Even The Great Depression in the USA, and The Slump in England couldn't stop us from constantly decorating. I think this is going on right now during the current financial fiasco. We feather our nests the best we can to hunker down and wait it out.
Kelly Wearstler does the forward for the book, and is mentioned as a guiding force to the current revival of modern Regency style. I find the omission of Jonathan Adler odd. Both of them share the same time line, the same look of things, one being East Coast, the other West Coast. Both revived Hollywood Regency and Vogue Regency in a major way.
Perhaps it’s Emily’s nod to the famous cadre of ‘lady decorators’ she documents from Elsie de Wolfe to Miss Wearstler.
The section on the Lady Decorators is absolutely fascinating.
Emily describes the lady decorator: “It didn’t require training, just a vague attribute called ‘good taste’. Those who had an ‘eye’...
It kind of sounds like the current cadre of the blog writing blog-orators!

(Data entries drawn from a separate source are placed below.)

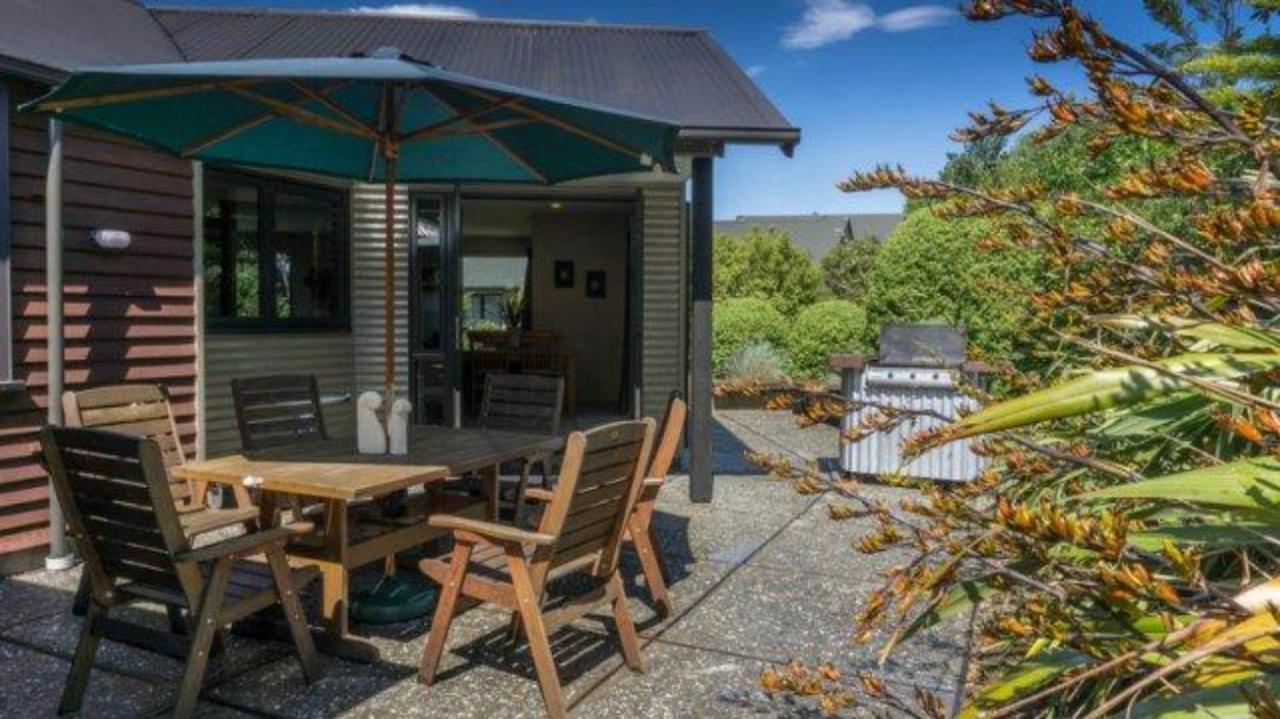 18 St James Avenue Hanmer Springs Bagian luar foto
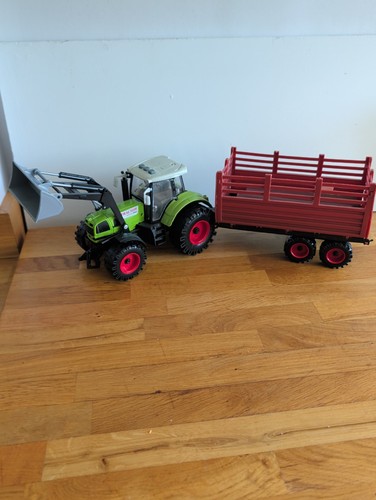 Toy class axion - toy,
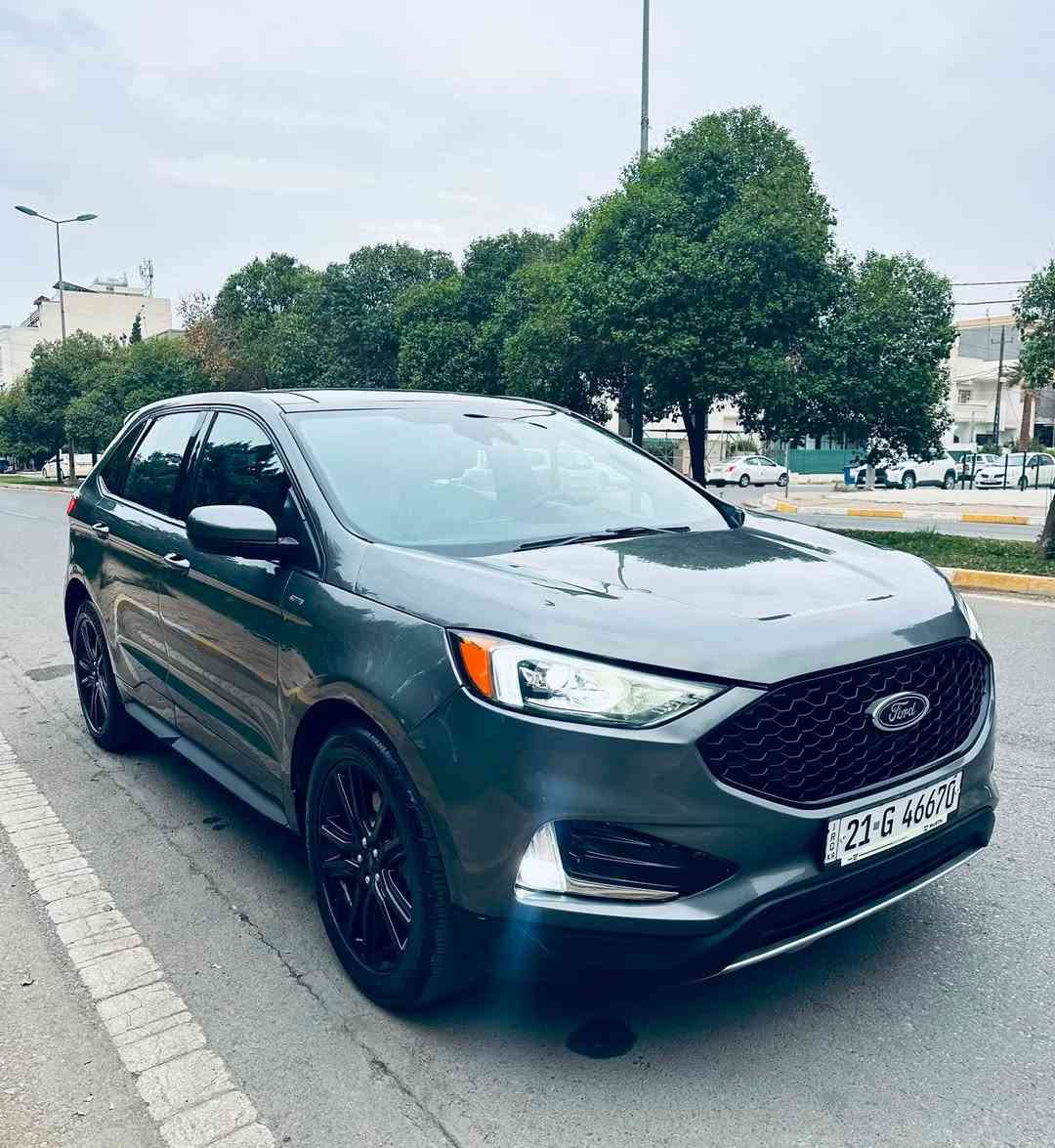 ايدج ST-Line • ٢٠٢٢ • دفع رباعي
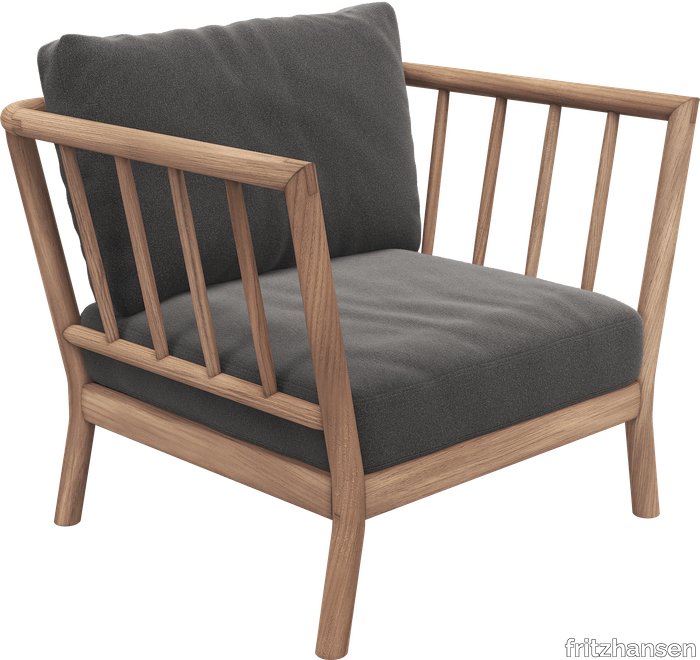 Tradition Lounge Chair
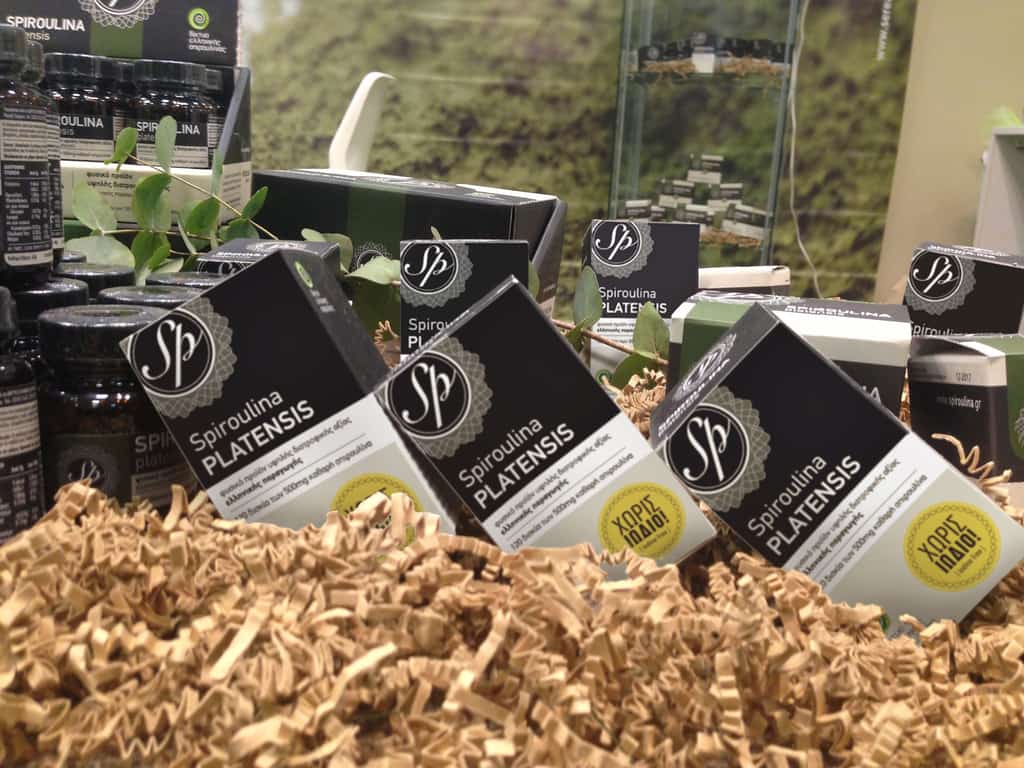 Υγιές & λαμπερό μαύρισμα με Spiroulina Platensis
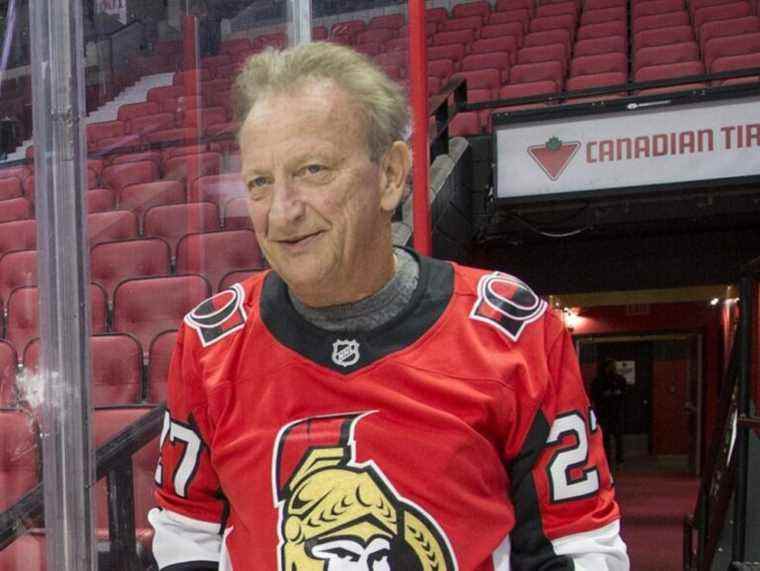 GARRIOCH: Melnyk n’était pas fan des joueurs allant aux Jeux olympiques en première place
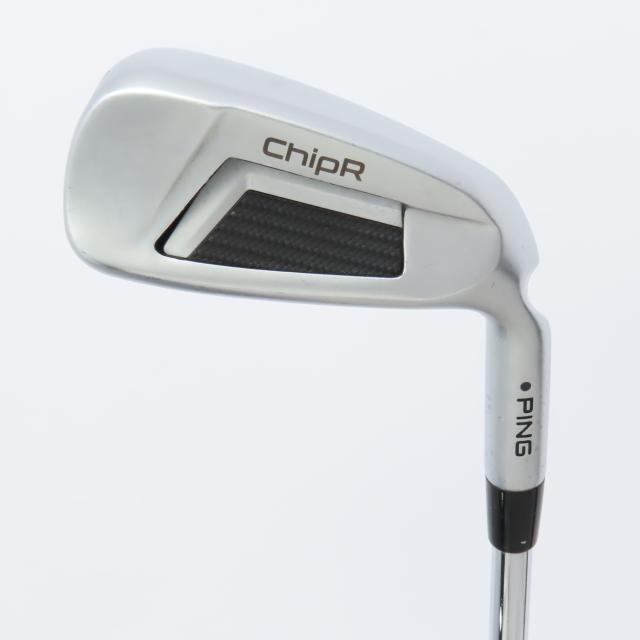【中古ゴルフクラブ】ピン　ChipR　ChipR ハイドロパールクローム仕上げ ウェッジ Z-Z115　シャフト：Z-Z115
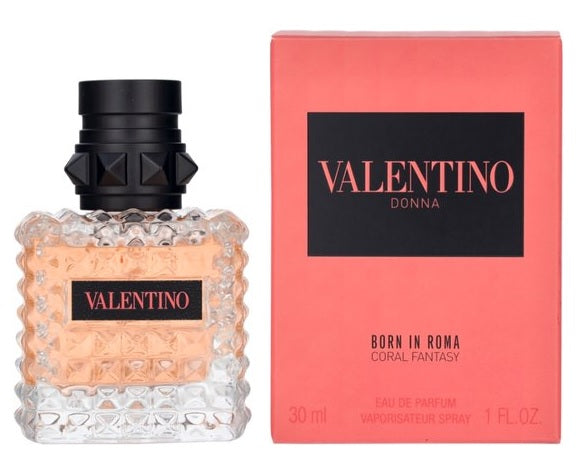 Valentino Donna Born In Roma Coral Fantasy Eau de Parfum en spray para mujer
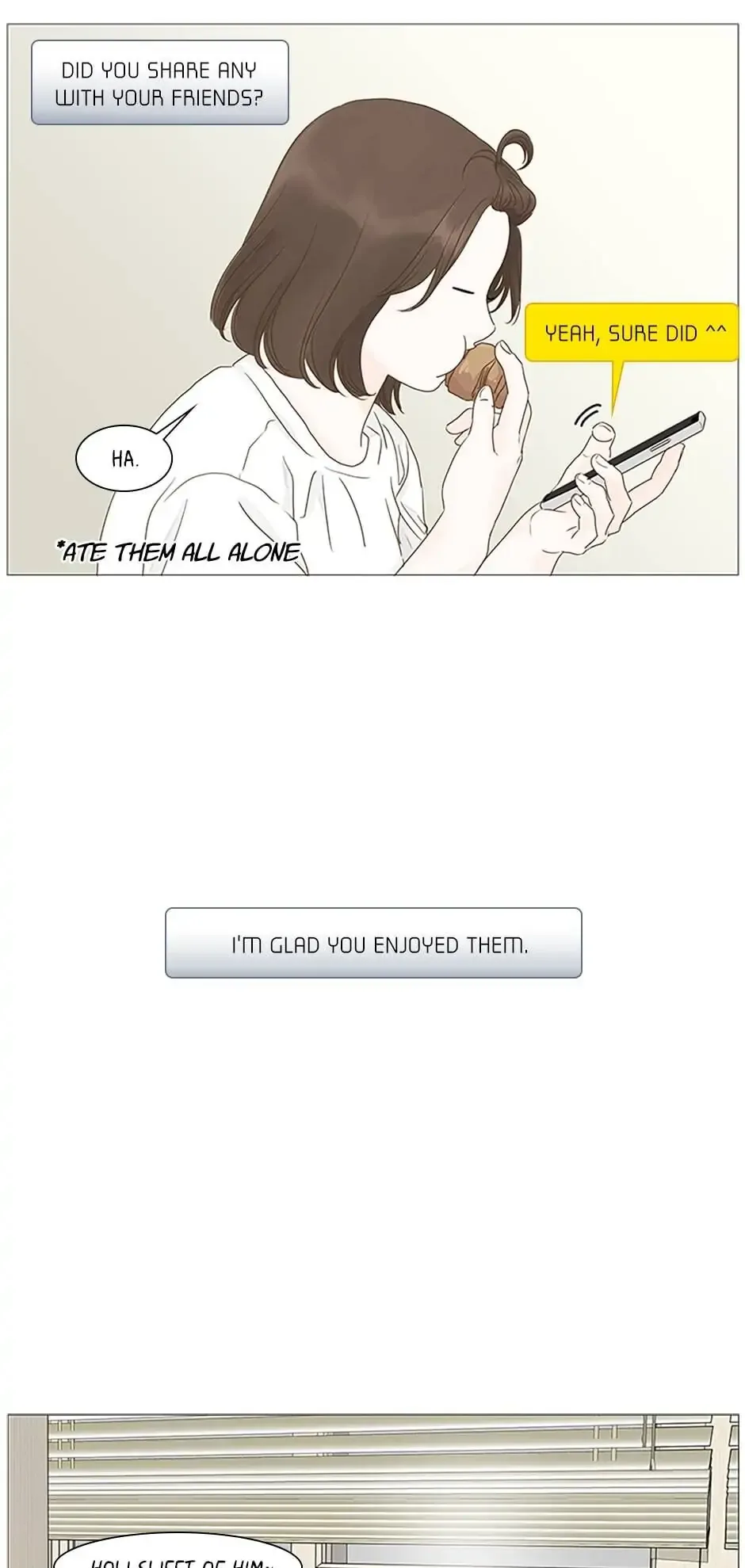 Let’s go to work tommorow! Chapter 31 page 8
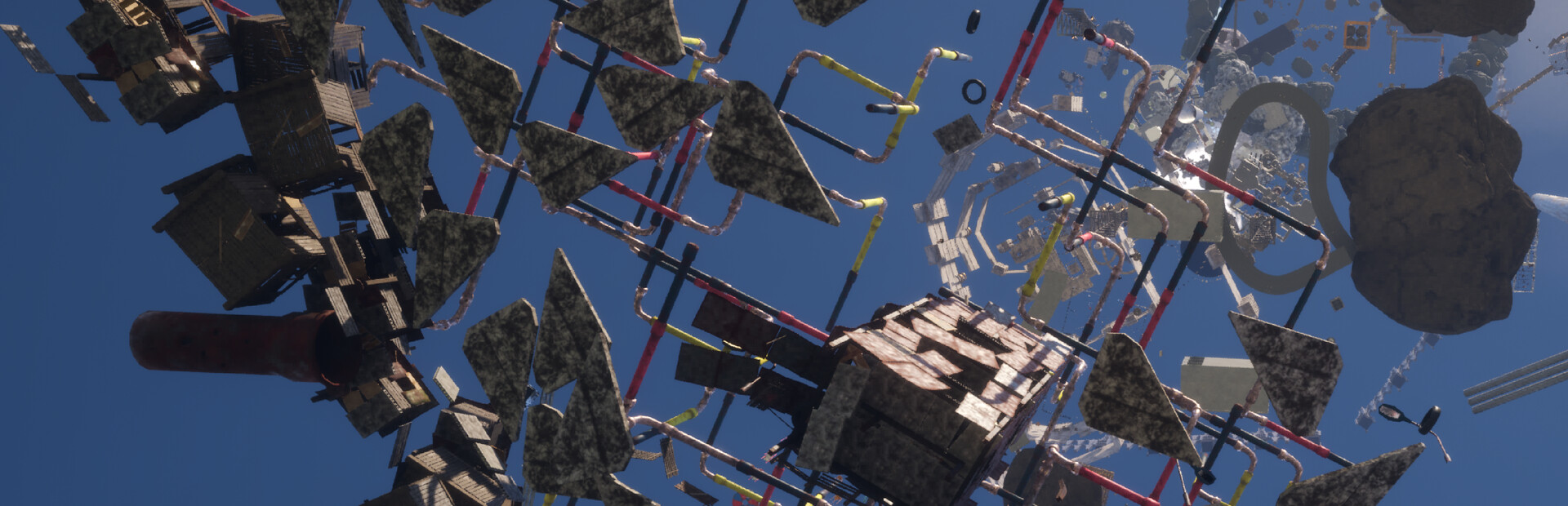 A Game About Going Up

Dorothy Draper was among the most successful. A 1941 profile in Harper's Bazaar, included this observation: “Mrs. Draper calls herself ‘a professional stylist’ or ‘repackager.’ What she means by this is that as a decorator she has a purely merchandising viewpoint, like a packager of perfumes.”
The historical documentation in Regency Redux is flawless.
I would have liked to see reference to period American Regency other than Hollywood. Colonial times certainly had its fair share of Regency influence which can be seen in Jackie Kennedy’s White House (the ultimate Lady Decorator!)...
...and Thomas Jefferson’s Monticello.
Homes from that era such as Richard Jenrette’s Edgewater...
Dick Jenrette bought Edgewater from Gore Vidal in the 1970's for $125K. Vidal had purchased it some 30 years before for $35K. Mr. Jenrette was a client of mine, and I spent many lovely hours in this house.
The decorative arts of the period the house was built in, manifested the same fashion in classical Greek and Roman forms that had inspired it. The Duncan Phyfe, Lannuier and other antique furniture that Mr Jenrette acquired to go with the house represents the final flowering of hand-carved furniture in America.
... and Henry DuPont’s Winterthur also share profound Regency touchstones...
...the sweeping graceful stairway at Winterthur and the furniture below are Regency style.
Regency style was surely realized in the form of American Empire furniture and decoration.
Even New Orleans has it’s fair share of Napoleonic Regency inspired interiors and architecture.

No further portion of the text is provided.